─── Working data ───

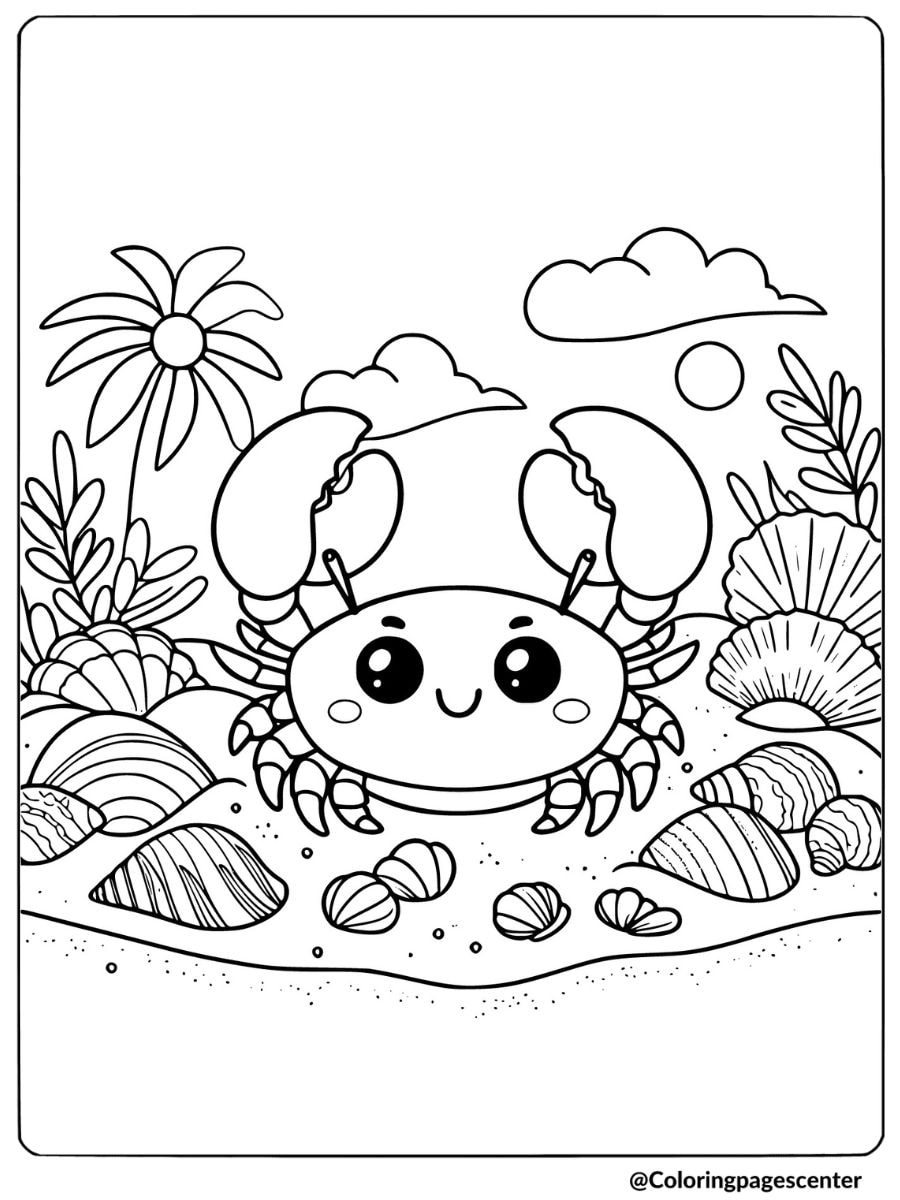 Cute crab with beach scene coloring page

───
─── Working data ───

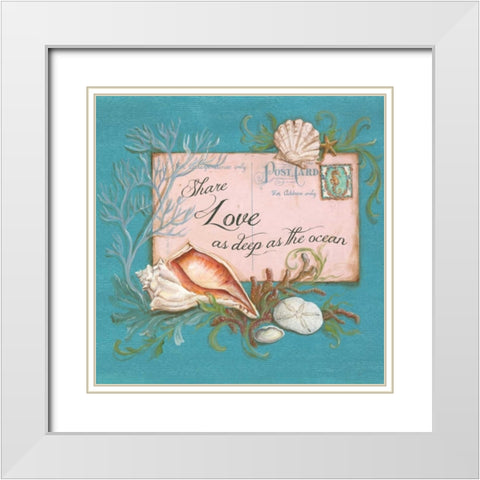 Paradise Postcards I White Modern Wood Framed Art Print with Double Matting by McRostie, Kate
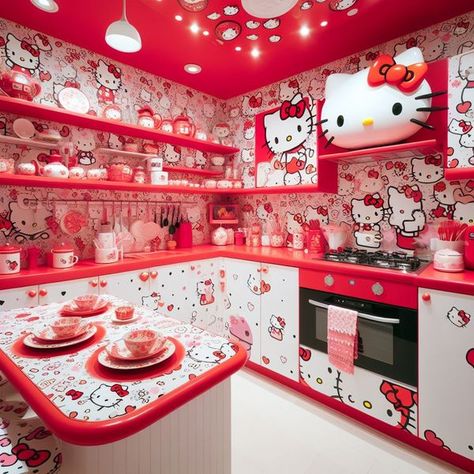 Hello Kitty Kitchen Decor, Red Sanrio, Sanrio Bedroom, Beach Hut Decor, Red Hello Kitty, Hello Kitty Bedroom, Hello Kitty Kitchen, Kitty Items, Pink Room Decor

───
─── Working data ───

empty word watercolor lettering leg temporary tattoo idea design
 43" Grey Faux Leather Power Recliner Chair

───

• What needs to be done
Only the lines from the one containing "empty word watercolor" through the one containing "Power Recliner Chair" are to be retyped, both boundary lines included, with no other material.

• Finished task
empty word watercolor lettering leg temporary tattoo idea design
 43" Grey Faux Leather Power Recliner Chair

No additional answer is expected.